Calcul de l'impôt en 2014 :

  • total imposable soumis au barème de l'IR : 11 000 + (42 000 - 10 %) = 48 800 €,
  • montant de l'IR théorique : 9 030 €,
  • taux moyen d'imposition : (9 030 × 100) / 48 800 = 18,5 %,
  • le taux étant inférieur au taux minimum de 20 %, l'impôt effectivement dû est calculé sur cette base : 11 000 × 18,5 % = 2 035 € (au lieu de 2 200 € par application du taux minimum de 20 %).

Devenir non-résident fiscal : les formalités

Il n'est plus nécessaire, comme auparavant, d'obtenir un quitus fiscal (bordereau de situation fiscale) au moment de son départ de France. Il est néanmoins recommandé, dès lors qu'on reçoit encore des revenus de source française, d'informer le plus tôt possible le centre des finances publiques de sa nouvelle adresse à l'étranger sans attendre le dépôt de la prochaine déclaration des revenus.

Au titre de l'année du départ, 2 déclarations devront normalement être remplies (voir encadré ci-après sur l'"exit tax") :

  • un imprimé 2042 pour les revenus perçus entre le 1er janvier et la date du départ,
  • et un imprimé 2042-NR pour les seuls revenus de source française imposables en France perçus de la date du départ au 31 décembre de l'année du départ.

Exception faite de ceux basés à Monaco, les non-résidents fiscaux dépendent d'un service des impôts aux particuliers dédié : TSA 10010 - 10, rue du Centre, 93465 Noisy-le-Grand Cedex.

Détention de valeurs mobilières et de droits sociaux : "exit tax"

La transfert du domicile fiscal hors de France entraîne toutefois la taxation à l'impôt sur le revenu et aux prélèvements sociaux des plus-values latentes et des plus-values en report d'imposition constatées sur des droits sociaux et autres valeurs mobilières (titres d'OPCVM inclus) lorsque :

  • ceux-ci représentent au moins 50 % des bénéfices sociaux d'une société,
  • ou que leur valeur globale excède 800 000 €.
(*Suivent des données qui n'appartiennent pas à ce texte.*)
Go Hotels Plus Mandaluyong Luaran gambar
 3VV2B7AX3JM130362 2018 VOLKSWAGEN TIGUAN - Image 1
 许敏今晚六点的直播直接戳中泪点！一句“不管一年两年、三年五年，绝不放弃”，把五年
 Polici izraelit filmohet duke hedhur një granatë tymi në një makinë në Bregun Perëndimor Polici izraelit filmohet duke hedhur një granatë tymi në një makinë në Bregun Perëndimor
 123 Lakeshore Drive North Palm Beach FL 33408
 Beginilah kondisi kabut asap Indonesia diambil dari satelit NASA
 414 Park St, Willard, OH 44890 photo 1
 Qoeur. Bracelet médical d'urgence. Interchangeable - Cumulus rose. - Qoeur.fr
Cependant, le contribuable peut bénéficier d'un sursis de paiement, lorsqu'il s'installe dans un pays de l'Espace économique européen (hors Lichtenstein), ou d'un dégrèvement dans certaines situations.

La déclaration des plus-values latentes est opérée par le biais du formulaire 2074-ET l'année suivant le transfert.